Quick Answer: According to the director, Brian O'Malley, Six is the devil. Inspired by an Irish Catholic upbringing, O'Malley presents a version of the devil who is, oddly, the hero of the film in that he punishes the wicked and spares those who do right. The film takes place in a version of a small town intended to represent purgatory, where only those souls Six is determined to take with him to hell exist. There, they can showcase whether or not they deserve Six's wrath.

Brian O’Malley’s artistic and dark Let Us Prey (2014) travels into a world where evil seems to guide the decisions of all its inhabitants. The number of players is small, but each is laden with their own guilt and desires, all darkened by a seemingly unstoppable rage. At the center of these angry people is Six (Liam Cunningham), a man named in accordance with the prison cell he occupies. Six sits, quietly, striking matches and moving his hands, seemingly able to control the thoughts and behaviors of those around him. He forces people to witness atrocities from their pasts, develops their inner rage, and puppeteers them into acting on their most heinous impulses. Six utters biblical jargon and speaks in platitudes as the souls around him are, one by one, brought into the darkness.


Liam Cunningham as Six

The question that is never fully answered is, why does Six have these powers? Who exactly is he supposed to be?
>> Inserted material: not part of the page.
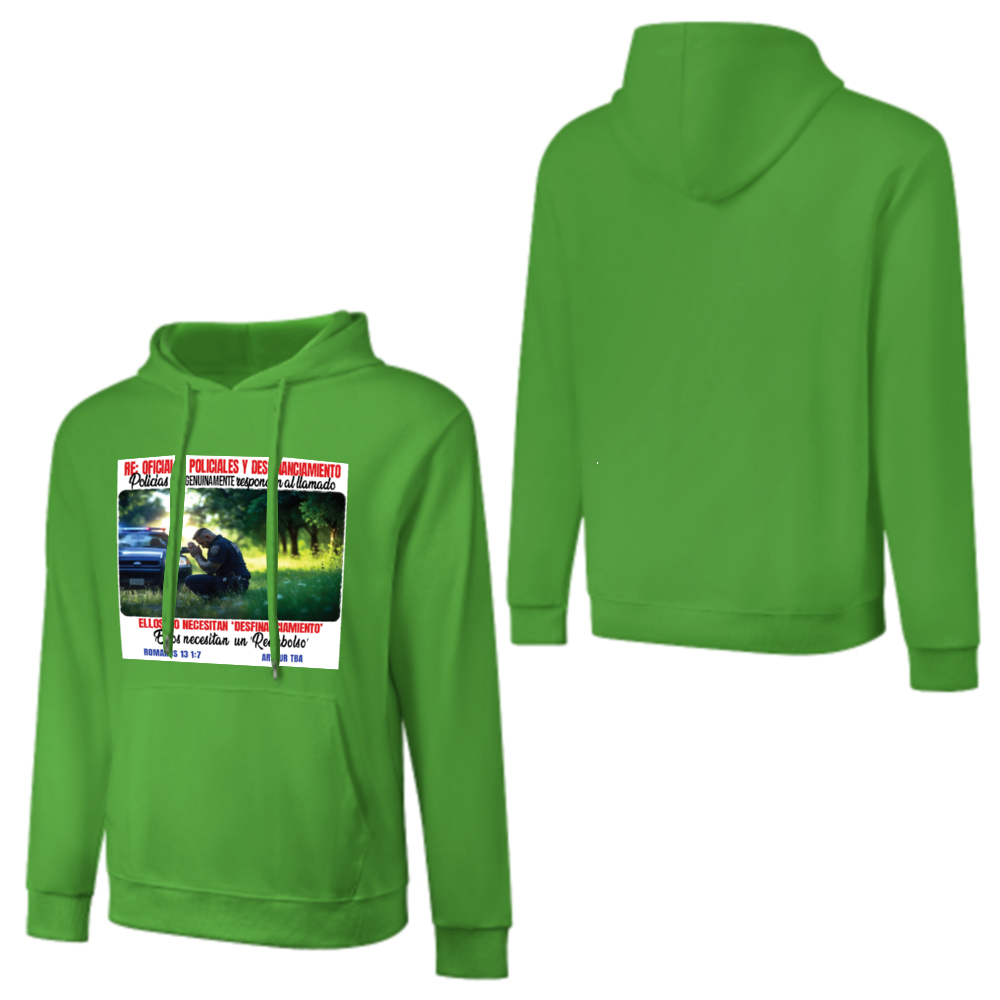 Custom Front & Back Print Cotton Hoodies Custom Men's Long Sleeve Sweatshirts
Assuming he is the devil is the right thing to do, but the how and why which support that assumption are what makes Six, and Let Us Prey, most interesting.

The town of Inveree, in which Let Us Prey takes place, is empty. Nobody answers their phones outside of the main cast. Nobody sees or reacts to any of the villainous things taking place during the film. The supermarket, the pub, the gas station -- they’re all empty. The police officers’ uniforms are stark and vague, with no designation or identification on them. And a whole group of murderers and abusers are gathered in a single location on the same night.  All these facts are clues hinting the audience that the small town of Inveree is not quite right; at least, something peculiar is going on here. According to director Brian O’Malley, this is because the film takes place in purgatory, and Six is Lucifer, ushering the souls of the damned into the underworld as they commit one final atrocity worthy of their fates.

Certainly, the town does exist in real form, but the film takes place in an alternate version of that reality -- a twilight zone somewhere mid-way between this world and the next. Here, souls are collected and await their journey to hell, with Six serving as the facilitator of their descent. Those not completely wretched, like Cesar (Brian Vernel), the young man who fled a hit-and-run and left a woman badly injured on the road, are here to receive one last chance for redemption in this ‘waiting room’ for hell. The rest are already doomed, as Six forces them to reflect on their sins before capturing their souls once and for all. As the devil, Six is in control of this universe, capable of bending it to his will and manipulating those inside to judge their evilness. His cell, and his name, are no doubt references to ‘666’ - the number of the devil.


A shot from the opening sequence of Let Us Prey

The film’s opening sequence finds Six beneath a murder of crows, emerging from water as if part of natural existence. The crows carry us to a village which seems normal if not for its desolation. There are no cars, no lights, no people. Six, then, as the lone wanderer sanctioned with the task of traversing the landscape and judging the guilty, crosses the earth as if a part of it. The film creates him in water, places him on land, and finishes his story in flames -- an elemental journey.

Six admittedly stems from the director’s confused childhood image of the Devil. As a person brought up in a Catholic family, he was taught the devil was evil, yet would only take the souls of sinners. By that definition, O’Malley said, if you are a pure soul, isn’t the devil your ally? That is the foundation of Six in Let Us Prey -- he’s the good guy so long as you don’t deserve to be at the swift end of his justice.


Six stands in a fiery doorway

The understated nature of Six and the artful construction of the film give him a mysterious, subdued, almost sorrowful presence on-screen. Six seems to have an appreciation for the innocent. He is let down when Cesar doesn’t take the moral high ground and confess his sin, but is excited when Rachel (Pollyanna Mcintosh) proves her righteousness and takes her place by his side. Six seems almost bored by the task of collecting souls after an eternity of doing so.

Clearly, Six is the devil, and the star of this wondrously twisted examination of morality and human behavior.